Article by Wayne Heilman & Jeanne Davant, Senior Writers – SOCO Digest

Colorado Springs-area residents are beginning to realize the promise of faster and less expensive internet access as three fiber-optic providers expand service capable of “multi-gigabit” download and upload speeds.

Colorado Springs Utilities and high-speed internet providers Underline Infrastructure and Metronet launched construction of their networks between late 2021 and late 2022. Underline and Metronet are serving customers in different parts of the area. Springs Utilities is not providing direct internet services to customers but has contracted with Ting to do so. The area’s two largest internet providers, Comcast (Xfinity) and Lumen Technologies’ CenturyLink unit, are investing heavily in upgrading their networks, and Comcast has cut its prices.

“We are creating a competitive marketplace that will force everyone to get better,” says Underline CEO Bob Thompson. “We have laid 2.5 million feet of fiber that will be available to 70,000 homes by the end of September, and we have done it on time and under budget. We have committed more than $100 million to this project.”

The Dallas-based company is expanding its footprint in the Colorado Springs vicinity, which was its first market, he says.

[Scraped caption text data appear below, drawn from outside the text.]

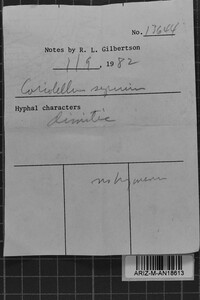 Antrodia albida image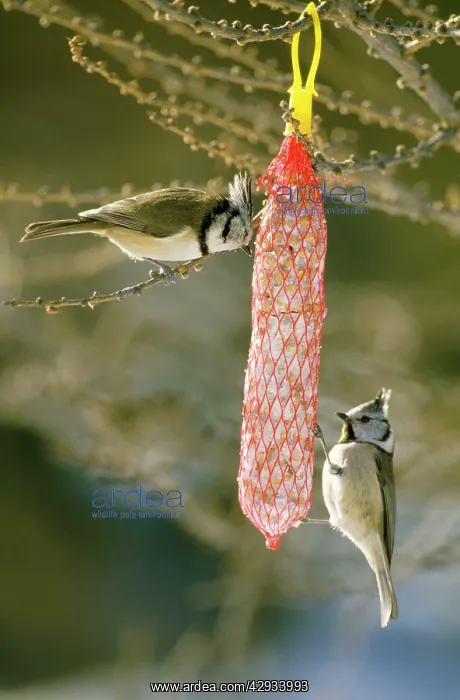 : Crested Tit - at feeder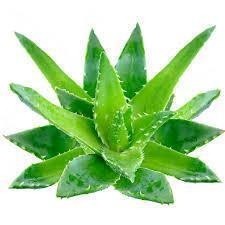 ESS ALOE VERA COSMÉTICA 100 ML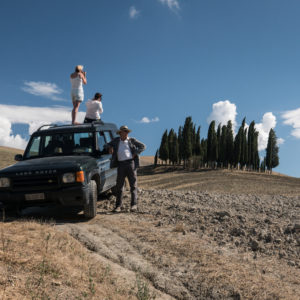 Tuscan Cypresses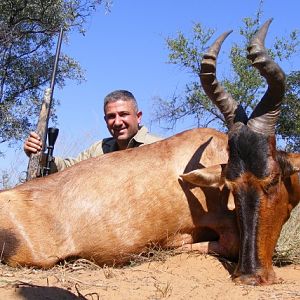 Red Hartebeest Hunting in South Africa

Comcast’s prices have fallen from $60 a month for 50 megabit-per-second service to $19.99 a month for 150-megabit-per-second service, while the price for one-gigabit service has dropped from $110 to $75 a month. Metronet has cut its prices from when it announced plans to build its $130 million network in Colorado Springs by $10 a month for its 100-megabit-per-second service and $20 a month for its one-gigabit-per-second service.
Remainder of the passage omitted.